Fred Vargas, dont le dernier roman, Sous le vent de Neptune, connaît un succès qui ne se dément pas, a pris fait et cause pour l’écrivain Cesare Battisti, menacé d’extradition par le gouvernement français. Devant la contre-offensive qui visait à disqualifier les dizaines de milliers de Français qui exigeaient le respect de la parole donnée et du droit, elle a décidé de permettre à chacun de disposer des faits et du contexte de l’affaire. Son livre, intitulé la Vérité sur l’affaire Battisti (1), démonte les rouages du processus inquisitorial dont les racines remontent au véritable complot dont l’Italie a été l’enjeu dans les " années de plomb ". Malgré la haine dont elle est l’objet de la part de ceux pour qui la persécution doit être éternelle, elle persiste et signe.

Pourquoi avez-vous décidé de publier ce livre ?

Fred Vargas. Précisément parce qu’après une phase de mobilisation très intense, une contre-offensive s’est développée pour bloquer la protestation et la solidarité. Une première campagne avait été le fait de la droite et du gouvernement, en particulier du ministre de la Justice Perben. Elle n’a pas eu beaucoup d’effet parce qu’elle reposait sur des mensonges tellement évidents, de pressions sur la justice tellement grossières, qu’elle était très largement contre-productive. Ainsi, il y avait eu des versions différentes de son arrestation, passant d’une simple histoire de voisinage à un danger terroriste. De la même manière, de fausses informations avaient été diffusées par le ministre lui-même sur la possibilité d’un nouveau procès en Italie. Après la remise en liberté de Battisti, le 3 février, les choses se sont passées autrement.

Comment se caractérise cette deuxième phase ?

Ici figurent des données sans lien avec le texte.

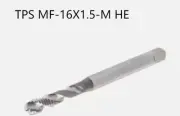 1 PCS ORIGINAL INSERTS TPS MF-16X1.5-M HE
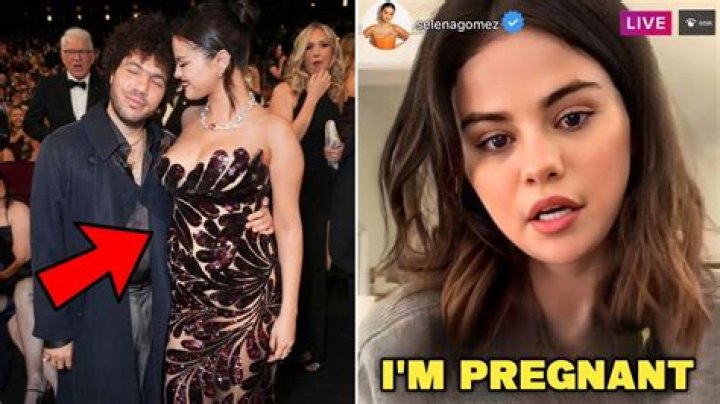 Is Selena Pregnant? Unraveling The Mystery Surrounding This Pop Icon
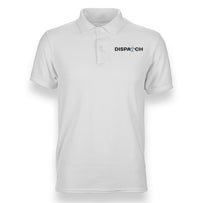 Thumbnail for Dispatch Designed Polo T-Shirts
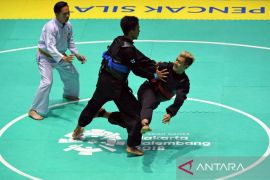 Pencak silat resmi jadi cabang tambahan Asian Youth Games 2025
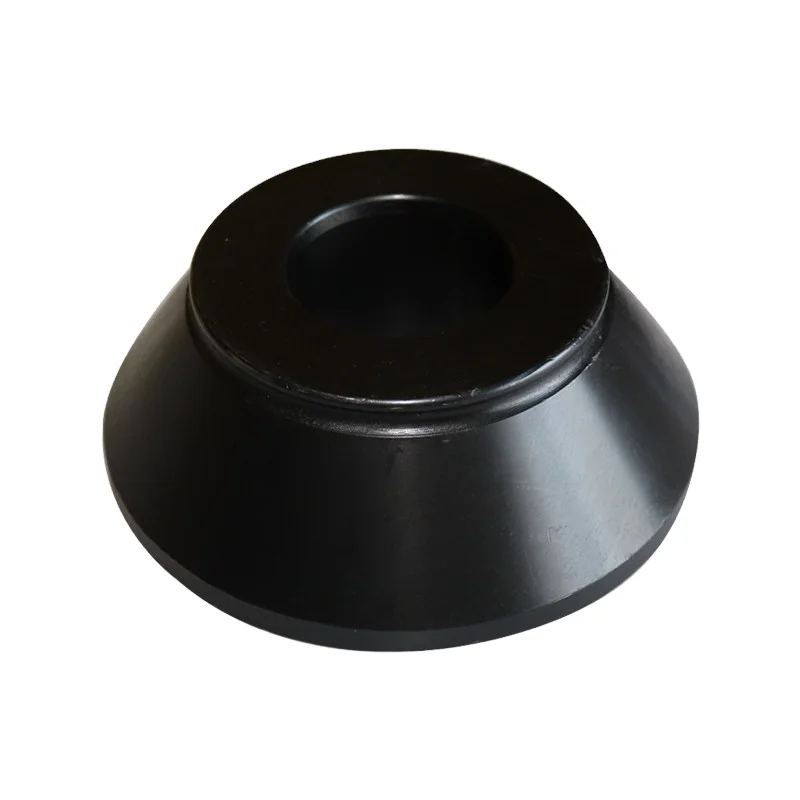 Good Quality #3 Steel Cone Fittings Adaptor of Tyre Dynamic Wheel Balancing Machine Diagnostic Flange Accessories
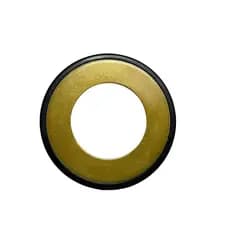 Guarda Po Inferior Coluna De Direção Bros Xre Falcon Hornet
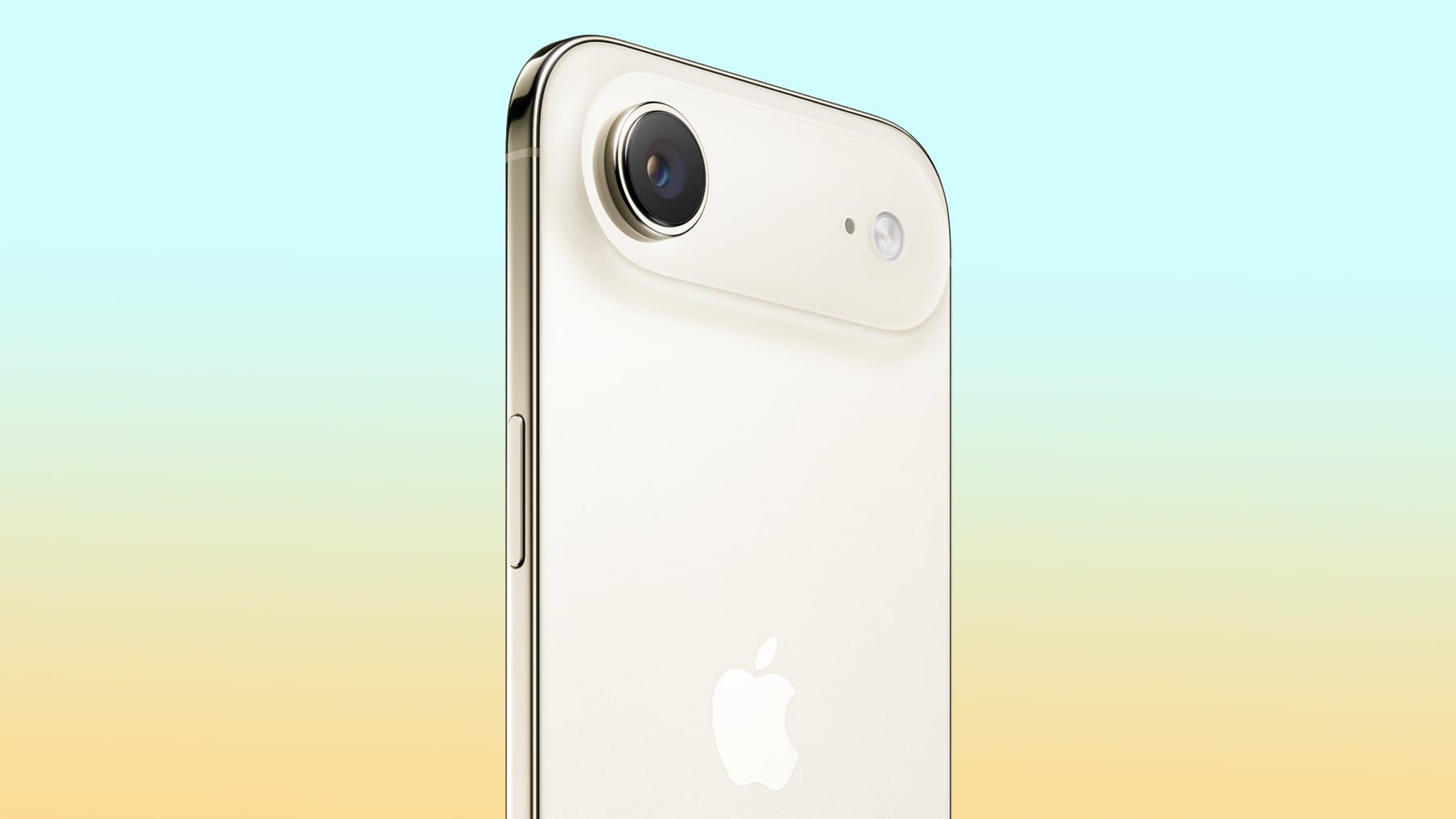유출자 주장에 따르면 공장은 이제 iPhone 20의 유리 재설계를 준비하고 있습니다.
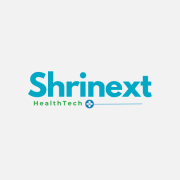 custom healthtech software development services | shrinexthealthtech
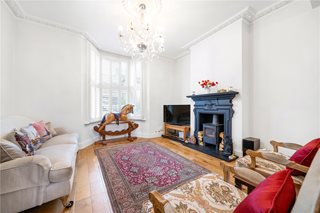 Anstey Road, Peckham Rye, London, SE15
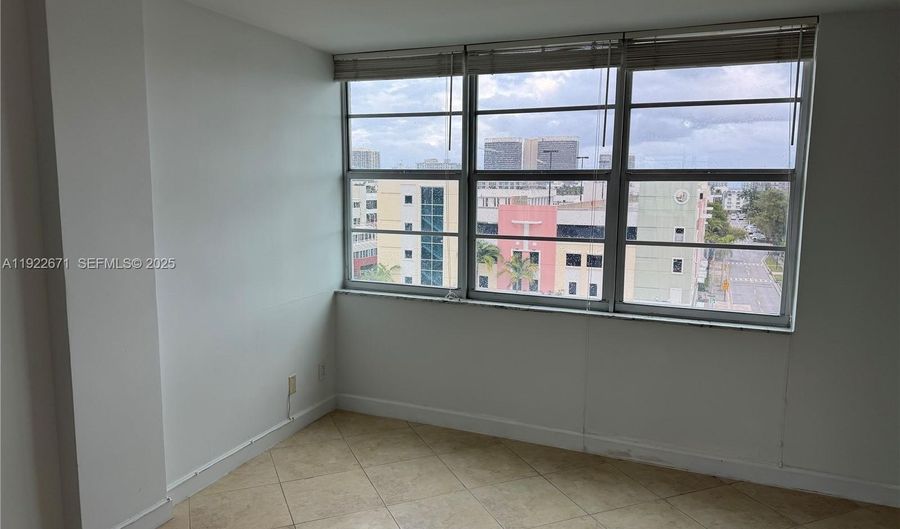 9500 W Bay Harbor Dr 7H, Bay Harbor Islands, FL 33154 - 1 Beds, 2 Bath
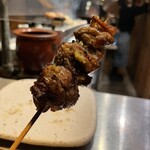 Yakitori Tsukada - 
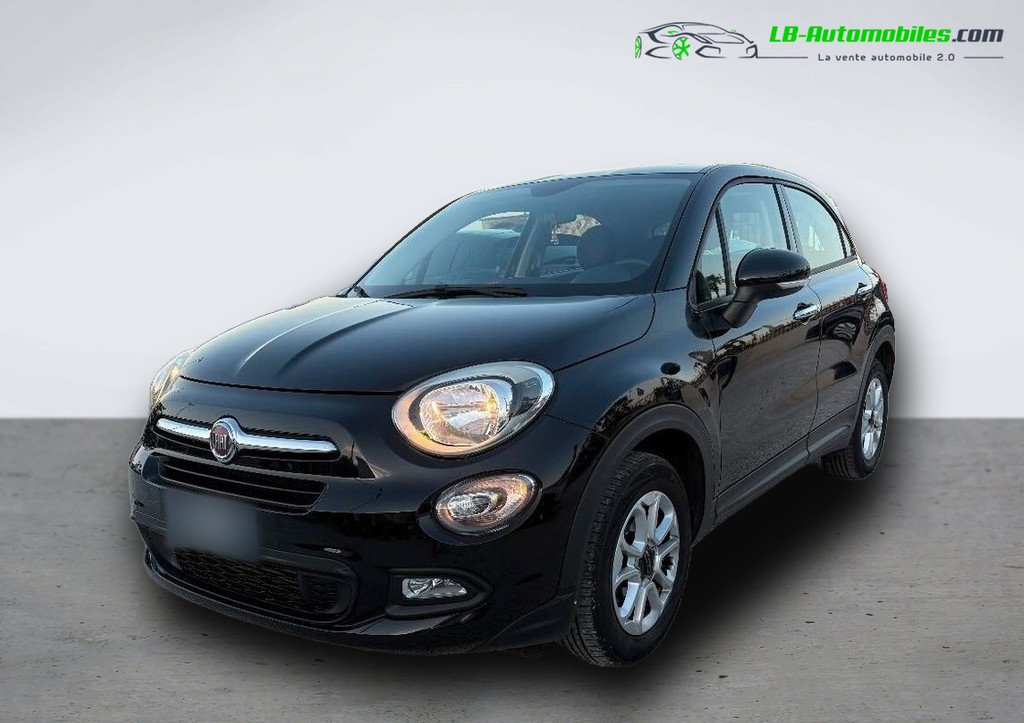 Fiat 500 X 1.3 Multijet 95 ch BVM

Fred Vargas. Par une autre forme de mensonge : la désinformation, l’amalgame. Ainsi, on va d’abord diaboliser Battisti. On va systématiquement employer le terme de " terroriste ", ce qui dans l’atmosphère de l’" après 11 septembre ", prend un sens tout à fait particulier. D’autre part, il faut occulter deux points : la caricature judiciaire que constitue sa condamnation, et le scandale, plus grand encore, de la procédure de contumace italienne, où aucun nouveau procès n’est possible. Aussi par ses objectifs. Ainsi, prenant le relais d’un véritable lynchage médiatique dans la presse italienne, une grande partie de la presse française va se livrer à un pilonnage en règle. Comme je l’indique dans mon livre, " après ses hauts débuts placés au plan moral et politique, le Monde s’effondra et opéra une brusque volte-face. À partir du 15 mars, semblant abandonner morale, droit et honneur, il entama une vraie campagne pour l’extradition " (2). Il s’agit de montrer à l’opinion publique française qu’elle a été induite en erreur. On donne la parole à Spataro, présenté comme simple " magistrat ", parlant de " témoins fiables " sans dire qu’il représentait l’accusation au procès Battisti et ne peut, c’est évident, que le juger " équitable ", sans rappeler qu’il fut un des principaux protagonistes de l’application des lois d’exception. On publie partout la photo du jeune Alberto Torregiani, hémiplégique en fauteuil, en le présentant comme la victime de Battisti. Or il a été atteint d’une balle tirée par son père au cours de la fusillade où celui-ci a été tué, et à laquelle, selon le ministère public lui-même, Battisti ne participait pas. Bref, il s’agit de faire de Battisti un monstre et de la justice italienne une justice comme les autres.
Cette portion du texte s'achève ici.